Under combined external excitation from both strip thickness difference and roll eccentricity, the fluctuations in rolling force, upper roll displacement, and filling rate exhibit superimposed effects of the individual excitations, with heightened sensitivity to process parameters such as strip temperature and rolling speed. This indicates that in practical production, the coupled effects of multiple disturbances must be comprehensively considered, and precise process control and real-time adjustments are required to maintain the stability of film covering.
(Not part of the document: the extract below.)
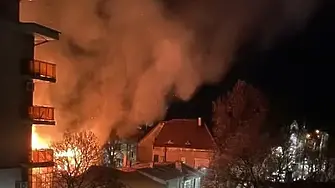 Няма пострадали хора при големия пожар в Русе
These findings also provide theoretical support for optimizing rolling process parameters and formulating control strategies. For instance, when increasing rolling speed to improve production efficiency, attention should be paid to the corresponding increase in rolling force to avoid roll damage caused by excessive force. For strips at different temperatures, control parameters can be adjusted by predicting the fluctuation trends of rolling force and filling rate. Specifically, during the rolling of high-temperature strips, monitoring of large filling rate fluctuations is recommended to ensure film covering quality.
Conclusion
This study conducted an original work on the dynamic problems of the film covering process and obtained the following conclusions.
A rolling force characterization model for the nonlinear stiffness characteristics of the PET film under unidirectional compression was established, and a melting and rolling dynamic model was developed. Using the melting layer thickness and rolling force as intermediate variables, process parameters such as the strip temperature and rolling speed were introduced into the dynamic model to analyze their influence on the filling rate and roll displacement response.
If the strip temperature is too high, the filling rate is insufficient. If the strip temperature is too low, an excessive roll displacement occurs. Therefore, the strip temperature has to be strictly controlled within the 246 ℃ −248 ℃. A high rolling speed can cause sever vibration problems, whereas low rolling speed can affect the filling rate, making rolling speed with in 65 m/min ~70 m/min.
Under different strip temperatures and rolling speeds, the strip thickness difference and roll eccentricity can cause significant slow and periodic dynamic fluctuations in the rolling force, roll displacement, and filling rate, with a fluctuation amplitude of more than 40%. When the process conditions suddenly change or the control is unstable, sharp changes occur in the rolling force and roll displacement, which have a significant impact on film covering efficiency and quality.
Acknowledgement
This work was supported by the National Natural Science Foundation, China (No. 51775038).
Compliance with ethics guidelines
The authors declare they have no conflict of interest or financial conflicts to disclose.
This article contains no studies with human or animal subjects performed by the authors.